Compared to other types of connectors, industrial control connectors are widely applicable to industrial production, especially for connection needs in harsh and complex environments, which places higher demands on the overall mechanical, electrical, and environmental performance of the connectors.
(1) Environmental adaptability
The complexity of the working environment for connectors in the industrial control field (e.g., dirt, dust, temperature, humidity, and mechanical vibration and shock can all interfere with typical connections).
Therefore, the environmental adaptability of connectors must be considered during the design phase, including the housing, structure, materials of key contacts, plating materials and thickness. (For example, the sealing rating must meet IP67 or IP68 standards, and the product lifespan and corrosion resistance must meet international EIA industrial application standards.)
This requires connector manufacturers to have strong customization capabilities in design. At the same time, as downstream application scenarios continue to expand, the reliability requirements for connectors will also increase further.
(2) Narrow pitch, integration
As electronic devices become increasingly sophisticated and the control functions and complexity of various electronic systems continue to grow, corresponding connector products need to achieve narrower pitch and higher integration while maintaining stability.
For example, the standard board-to-board connectors for industrial control equipment have gradually transitioned from 2.54mm, 2.0mm, and 1.27mm pitch to 0.8mm, 0.635mm, and 0.3mm pitch. At the same time, wire-to-board I/O connectors also show a clear trend towards narrower pitch. The latest miniature I/O connectors are smaller and more stable than standard I/O connectors.

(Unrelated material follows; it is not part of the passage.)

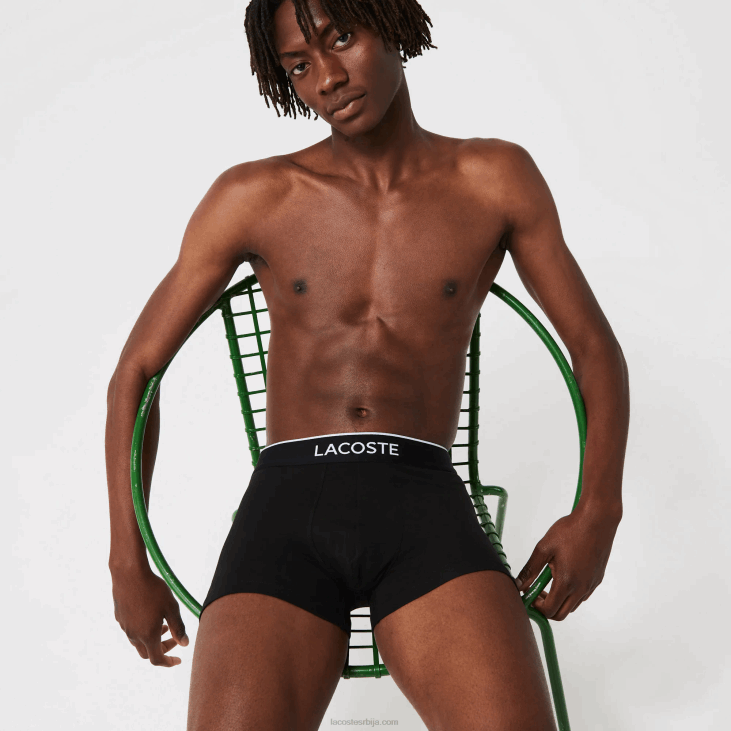 мушкарци лежерне боксерице са потписом 3 ком 86881328 црно сива кинеска вдп Lacoste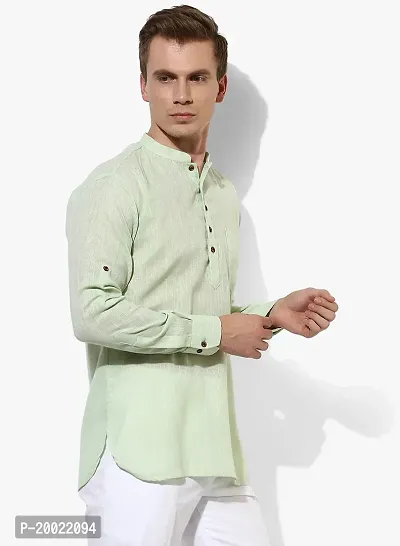 Reliable Green Cotton Kurtas For Men-thumb4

Simultaneously, with the widespread application of signal parallel transmission technologies such as multiplexing, there is a growing need to integrate more and more signals, including electrical, microwave, and optical signals, into a single connector, achieving independent transmission and preventing interference between signals. This makes connector integration an inevitable trend. For example, the number of pins in a single connector continues to increase, signal transmission channels become richer, and the functions that can be achieved become more diverse. This also requires connector manufacturers to possess strong precision machining capabilities and to operate meticulously in processes such as molding and welding to achieve narrower pitches, thereby realizing higher integration levels.
(3) High speed and high frequency
Currently, mainstream industrial control connectors achieve transmission rates of 3Gbps and above, and are gradually moving towards 40Gbps and above. The increased bandwidth required for data transmission is also driving up the upper limit of signal frequencies. Connectors are prone to electromagnetic interference when transmitting signals at higher speeds and frequencies, thus requiring connector manufacturers to utilize electromagnetic simulation software for evaluation in product design and to achieve higher precision standards in manufacturing.